Gene Editing in its “Prime”
Of the 25,000 genes in the human genome, it seems inevitable that there should be at least one person in your life where their DNA made some random mistake that screwed over the rest of their entire life. Nevertheless, with hope and perseverance, humans have carried on and worked hard for a way to combat these “natural” mutations. Subsequently, researchers have recently invented gene technologies that may provide exciting scientific breakthroughs in the biological field.
Let’s start with the basics.
Genes are units of heredity located in chromosomes that code for specific traits in an organism, meaning they are also responsible for the many disorders humans have accumulated throughout history i.e. sickle cell anemia and Tay Sachs disease. Chromosomes are made of DNA, carriers of genetic information, that is transcribed into RNA, which is then translated into proteins that determine our phenotype, which includes our appearance, our gender, but also genetic disorders.

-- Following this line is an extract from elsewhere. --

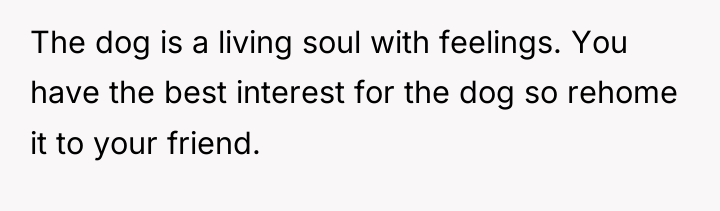 The dog is a living soul with feelings. You have...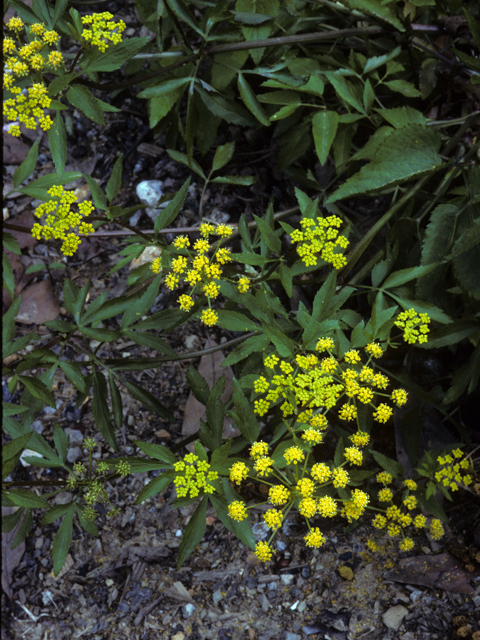 Thaspium barbinode (Hairy-jointed meadowparsnip) #24838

Our DNA can be read as a long sequence of four bases (adenine, guanine, thymine, and cytosine), and this sequence is responsible for our entire biological identity. Take sickle cell anemia for example. Amidst the long sequence of nucleotide bases, a single base substitution (there is a thymine where there is supposed to be an adenine) causes red blood cells in an individual to take on a shape of a sickle, which are distorted and cause a number of health issues.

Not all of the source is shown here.